= Beginning of Section =

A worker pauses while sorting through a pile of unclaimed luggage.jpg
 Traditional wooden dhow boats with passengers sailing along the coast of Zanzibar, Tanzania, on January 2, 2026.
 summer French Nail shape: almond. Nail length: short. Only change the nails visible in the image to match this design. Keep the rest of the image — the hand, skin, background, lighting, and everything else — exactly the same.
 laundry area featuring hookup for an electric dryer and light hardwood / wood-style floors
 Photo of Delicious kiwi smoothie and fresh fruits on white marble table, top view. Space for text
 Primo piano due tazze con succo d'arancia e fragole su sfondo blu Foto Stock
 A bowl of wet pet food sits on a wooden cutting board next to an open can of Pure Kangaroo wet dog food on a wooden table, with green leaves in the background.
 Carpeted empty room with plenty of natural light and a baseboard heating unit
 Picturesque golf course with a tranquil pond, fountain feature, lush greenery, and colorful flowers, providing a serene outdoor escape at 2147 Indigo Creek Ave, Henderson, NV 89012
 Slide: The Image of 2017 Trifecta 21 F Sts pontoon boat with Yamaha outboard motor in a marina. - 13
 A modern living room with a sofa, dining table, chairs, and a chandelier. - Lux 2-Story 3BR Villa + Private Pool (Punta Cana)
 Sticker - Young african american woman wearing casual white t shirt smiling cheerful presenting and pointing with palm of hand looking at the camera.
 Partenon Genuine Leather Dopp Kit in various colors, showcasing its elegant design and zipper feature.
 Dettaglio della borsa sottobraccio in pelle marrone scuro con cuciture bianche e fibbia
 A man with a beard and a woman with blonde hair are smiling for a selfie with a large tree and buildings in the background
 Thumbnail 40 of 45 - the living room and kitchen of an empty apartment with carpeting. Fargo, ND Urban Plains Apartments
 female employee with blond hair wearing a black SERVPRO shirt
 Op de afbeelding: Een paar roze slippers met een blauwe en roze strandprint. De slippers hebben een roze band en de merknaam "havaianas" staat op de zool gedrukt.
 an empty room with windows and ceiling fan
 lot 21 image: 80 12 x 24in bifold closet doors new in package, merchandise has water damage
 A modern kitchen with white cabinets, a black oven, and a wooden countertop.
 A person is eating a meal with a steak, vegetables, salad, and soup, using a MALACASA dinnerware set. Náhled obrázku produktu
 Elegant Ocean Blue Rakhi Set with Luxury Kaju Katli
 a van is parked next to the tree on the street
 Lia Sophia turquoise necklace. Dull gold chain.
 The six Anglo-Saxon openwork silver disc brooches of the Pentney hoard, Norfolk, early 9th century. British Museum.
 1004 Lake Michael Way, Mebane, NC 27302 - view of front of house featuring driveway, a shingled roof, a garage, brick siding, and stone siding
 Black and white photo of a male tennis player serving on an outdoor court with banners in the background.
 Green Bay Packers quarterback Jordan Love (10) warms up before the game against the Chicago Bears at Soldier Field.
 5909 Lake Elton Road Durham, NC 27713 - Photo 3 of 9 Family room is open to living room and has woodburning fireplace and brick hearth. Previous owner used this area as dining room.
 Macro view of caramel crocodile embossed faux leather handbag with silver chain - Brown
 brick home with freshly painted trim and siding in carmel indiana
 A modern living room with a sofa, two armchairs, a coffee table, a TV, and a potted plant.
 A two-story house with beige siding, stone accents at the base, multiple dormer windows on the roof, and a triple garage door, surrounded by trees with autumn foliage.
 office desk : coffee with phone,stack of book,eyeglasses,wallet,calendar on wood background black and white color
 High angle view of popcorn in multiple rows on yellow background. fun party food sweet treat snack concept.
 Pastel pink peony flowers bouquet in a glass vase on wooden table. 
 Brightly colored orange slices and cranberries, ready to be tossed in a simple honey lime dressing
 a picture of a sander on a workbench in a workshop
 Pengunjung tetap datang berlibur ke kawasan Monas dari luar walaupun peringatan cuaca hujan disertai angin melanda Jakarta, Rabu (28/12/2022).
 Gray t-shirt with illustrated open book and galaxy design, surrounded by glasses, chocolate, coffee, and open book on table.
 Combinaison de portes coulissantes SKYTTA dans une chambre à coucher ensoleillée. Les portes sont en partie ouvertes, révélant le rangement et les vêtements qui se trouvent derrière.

= End of Section =

▸ Your goal
Copy the material above exactly. Include every line.

▸ Exercise response
A worker pauses while sorting through a pile of unclaimed luggage.jpg
 Traditional wooden dhow boats with passengers sailing along the coast of Zanzibar, Tanzania, on January 2, 2026.
 summer French Nail shape: almond. Nail length: short. Only change the nails visible in the image to match this design. Keep the rest of the image — the hand, skin, background, lighting, and everything else — exactly the same.
 laundry area featuring hookup for an electric dryer and light hardwood / wood-style floors
 Photo of Delicious kiwi smoothie and fresh fruits on white marble table, top view. Space for text
 Primo piano due tazze con succo d'arancia e fragole su sfondo blu Foto Stock
 A bowl of wet pet food sits on a wooden cutting board next to an open can of Pure Kangaroo wet dog food on a wooden table, with green leaves in the background.
 Carpeted empty room with plenty of natural light and a baseboard heating unit
 Picturesque golf course with a tranquil pond, fountain feature, lush greenery, and colorful flowers, providing a serene outdoor escape at 2147 Indigo Creek Ave, Henderson, NV 89012
 Slide: The Image of 2017 Trifecta 21 F Sts pontoon boat with Yamaha outboard motor in a marina. - 13
 A modern living room with a sofa, dining table, chairs, and a chandelier. - Lux 2-Story 3BR Villa + Private Pool (Punta Cana)
 Sticker - Young african american woman wearing casual white t shirt smiling cheerful presenting and pointing with palm of hand looking at the camera.
 Partenon Genuine Leather Dopp Kit in various colors, showcasing its elegant design and zipper feature.
 Dettaglio della borsa sottobraccio in pelle marrone scuro con cuciture bianche e fibbia
 A man with a beard and a woman with blonde hair are smiling for a selfie with a large tree and buildings in the background
 Thumbnail 40 of 45 - the living room and kitchen of an empty apartment with carpeting. Fargo, ND Urban Plains Apartments
 female employee with blond hair wearing a black SERVPRO shirt
 Op de afbeelding: Een paar roze slippers met een blauwe en roze strandprint. De slippers hebben een roze band en de merknaam "havaianas" staat op de zool gedrukt.
 an empty room with windows and ceiling fan
 lot 21 image: 80 12 x 24in bifold closet doors new in package, merchandise has water damage
 A modern kitchen with white cabinets, a black oven, and a wooden countertop.
 A person is eating a meal with a steak, vegetables, salad, and soup, using a MALACASA dinnerware set. Náhled obrázku produktu
 Elegant Ocean Blue Rakhi Set with Luxury Kaju Katli
 a van is parked next to the tree on the street
 Lia Sophia turquoise necklace. Dull gold chain.
 The six Anglo-Saxon openwork silver disc brooches of the Pentney hoard, Norfolk, early 9th century. British Museum.
 1004 Lake Michael Way, Mebane, NC 27302 - view of front of house featuring driveway, a shingled roof, a garage, brick siding, and stone siding
 Black and white photo of a male tennis player serving on an outdoor court with banners in the background.
 Green Bay Packers quarterback Jordan Love (10) warms up before the game against the Chicago Bears at Soldier Field.
 5909 Lake Elton Road Durham, NC 27713 - Photo 3 of 9 Family room is open to living room and has woodburning fireplace and brick hearth. Previous owner used this area as dining room.
 Macro view of caramel crocodile embossed faux leather handbag with silver chain - Brown
 brick home with freshly painted trim and siding in carmel indiana
 A modern living room with a sofa, two armchairs, a coffee table, a TV, and a potted plant.
 A two-story house with beige siding, stone accents at the base, multiple dormer windows on the roof, and a triple garage door, surrounded by trees with autumn foliage.
 office desk : coffee with phone,stack of book,eyeglasses,wallet,calendar on wood background black and white color
 High angle view of popcorn in multiple rows on yellow background. fun party food sweet treat snack concept.
 Pastel pink peony flowers bouquet in a glass vase on wooden table. 
 Brightly colored orange slices and cranberries, ready to be tossed in a simple honey lime dressing
 a picture of a sander on a workbench in a workshop
 Pengunjung tetap datang berlibur ke kawasan Monas dari luar walaupun peringatan cuaca hujan disertai angin melanda Jakarta, Rabu (28/12/2022).
 Gray t-shirt with illustrated open book and galaxy design, surrounded by glasses, chocolate, coffee, and open book on table.
 Combinaison de portes coulissantes SKYTTA dans une chambre à coucher ensoleillée. Les portes sont en partie ouvertes, révélant le rangement et les vêtements qui se trouvent derrière.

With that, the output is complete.